Hi list,
Since PostgreSQL 9.1, GIN has new cost estimation code. This code
assumes that the only expression type it's going to see is OpExpr.
However, ScalarArrayOpExpr has also been possible in earlier versions.
Estimating col <op> ANY (<array>) queries segfaults in 9.1 if there's
a GIN index on the column.
Case in point:
create table words (word text);
create index on words using gin (to_tsvector('english', word));
explain analyze select * from words where to_tsvector('english', word)
@@ any ('{foo}');
(It seems that RowCompareExpr and NullTest clauses are impossible for
a GIN index -- at least my efforts to find such cases failed)
Attached is an attempted fix for the issue. I split out the code for
the extract call and now run that for each array element, adding
together the average of (partialEntriesInQuals, exactEntriesInQuals,
searchEntriesInQuals) for each array element. After processing all
quals, I multiply the entries by the number of array_scans (which is
the product of all array lengths) to get the total cost.

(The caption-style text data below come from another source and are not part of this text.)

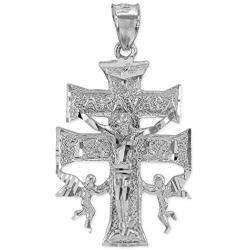 Religious Jewelry by FDJ 925 Sterling Silver Caravaca Double Cross with Angels Crucifix Pendant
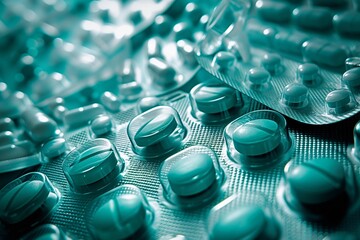 Various Blue Medication Pills in Blister Packs - obrazy, fototapety, plakaty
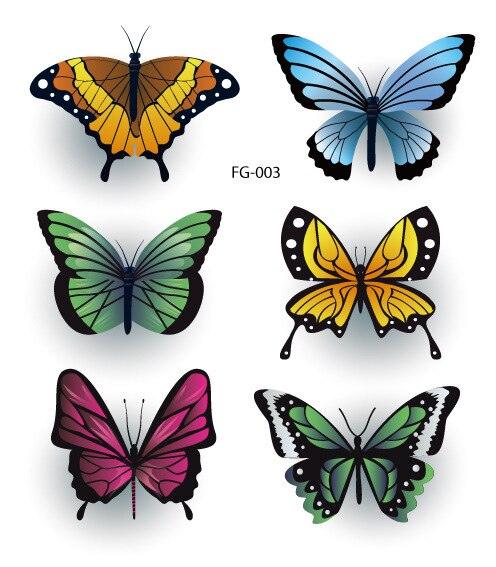 1 Pc Butterfly 3D Temporary Tattoo 52 Style Waterproof Butterfly Tattoos Stickers Temporary Colorful Design For Womens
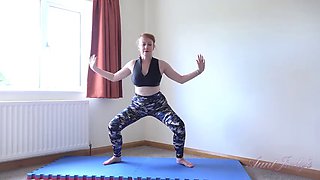 Auntjudys - Busty Mature Bombshell Mrs. Red - Hot Yoga Workout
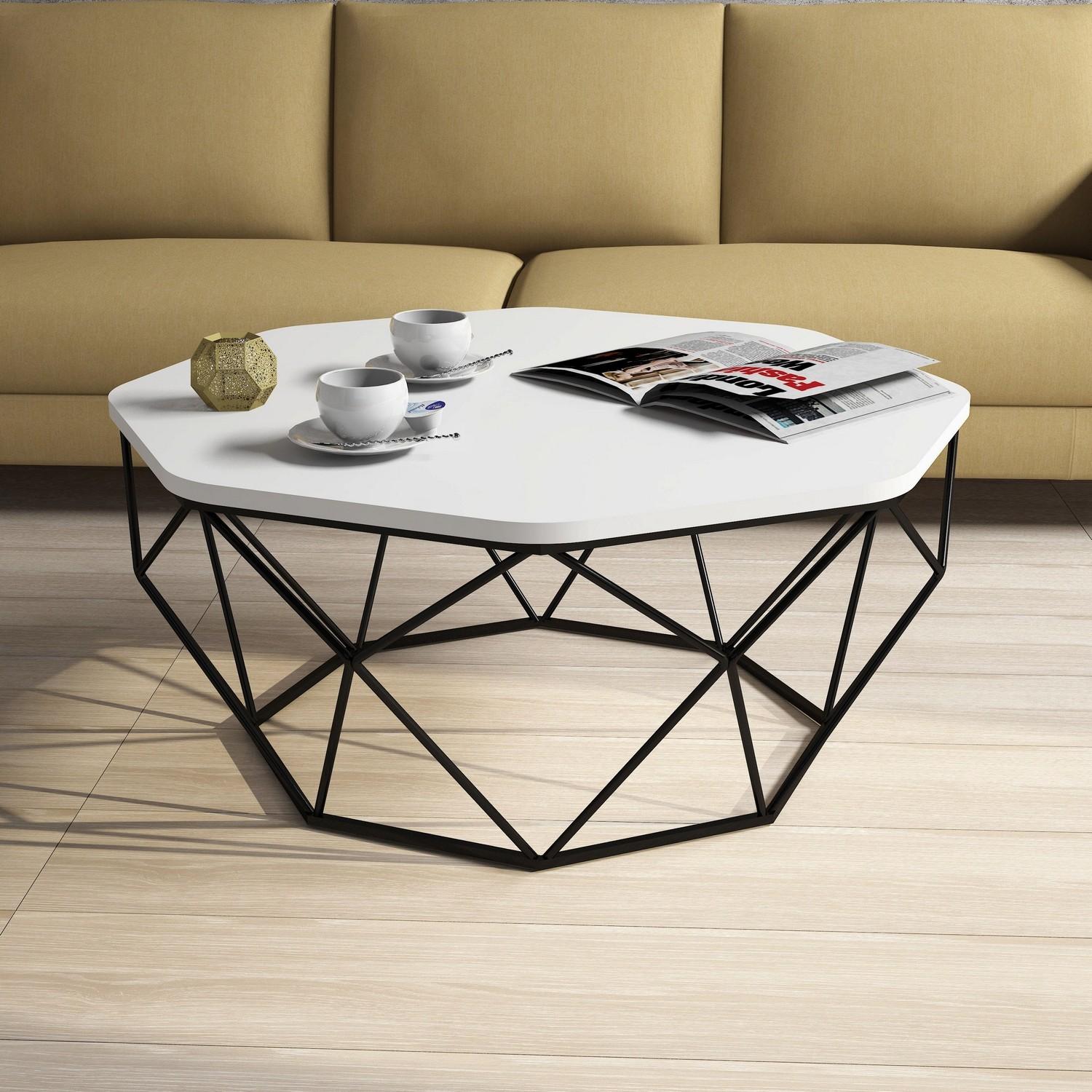 Hanah Home Klub sto Diamond 90x38x90cm Bijeli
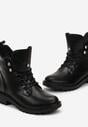 Czarne Botki Workery z Szerokim Językiem i Cyrkoniami Vatao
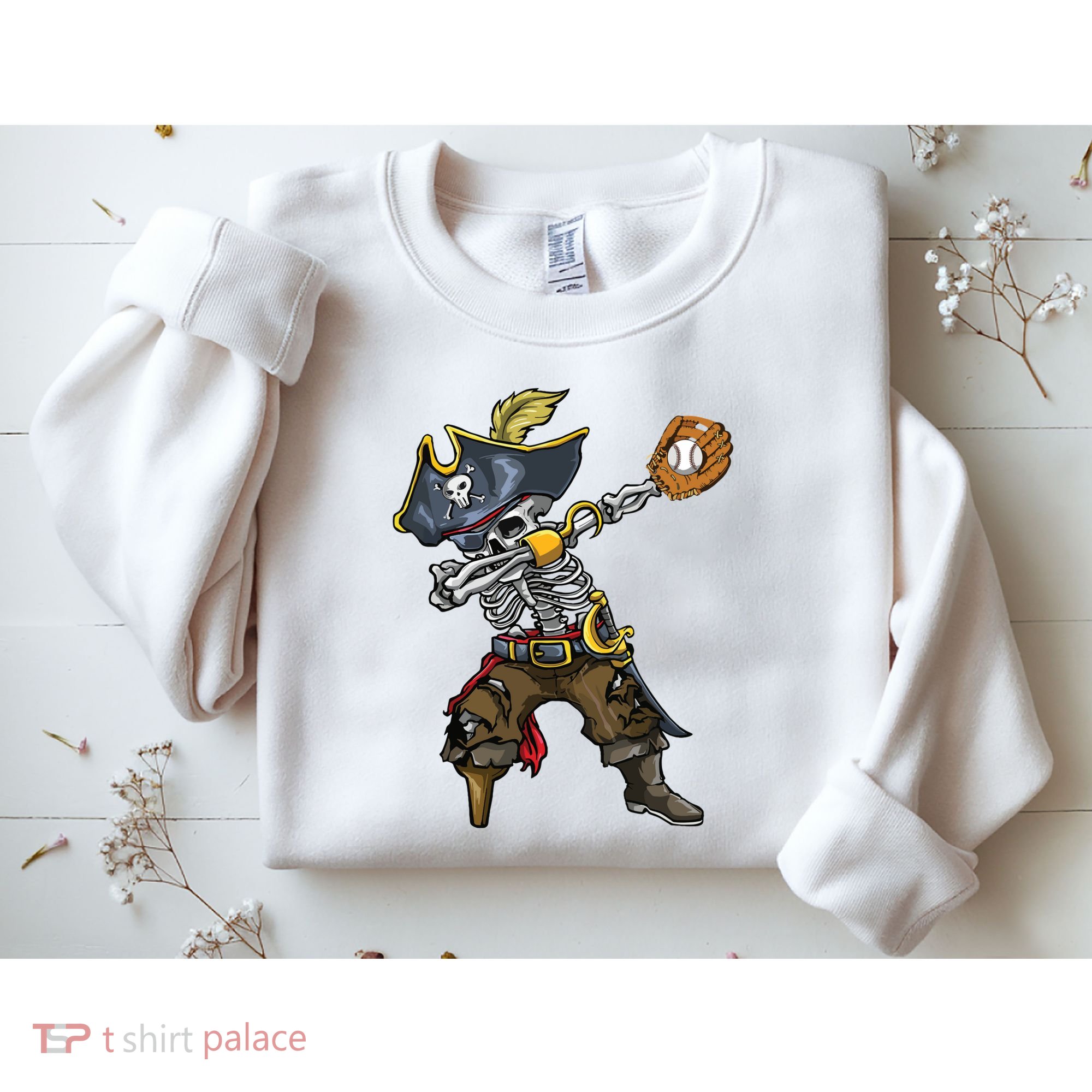 Dabbing Skeleton Pirate Baseball Lover Halloween Costume Sweatshirt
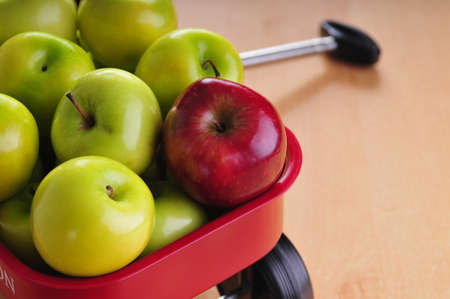 Provocative red apple stands out from other green ones.の写真素材
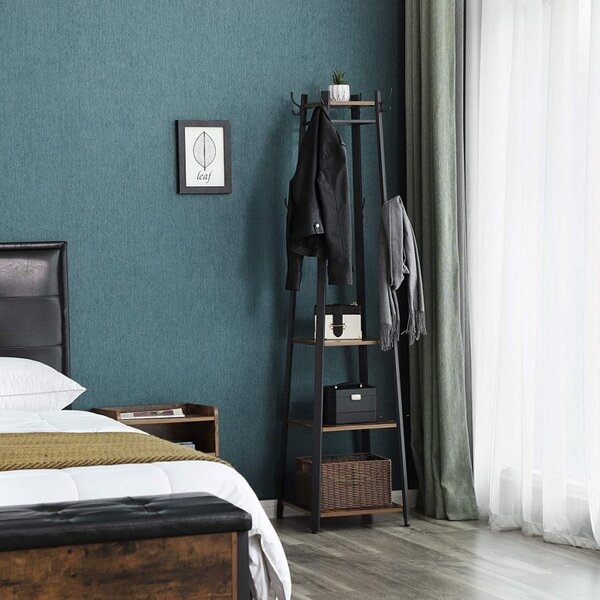 Cuier tip pom cu rafturi Model Good, Maro Rustic/Negru, 43x43x180 cm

This required a fair bit of refactoring, but I tried to follow the
patterns for OpExpr pretty strictly -- discounting scans over NULL
elements, returning 0 cost when none of the array elements can match,
accounting for cache effects when there are multiple scans, etc. But
it's also possible that I have no idea what I'm really doing. :)
I also added regression tests for this to tsearch and pg_trgm.
Regards,
Marti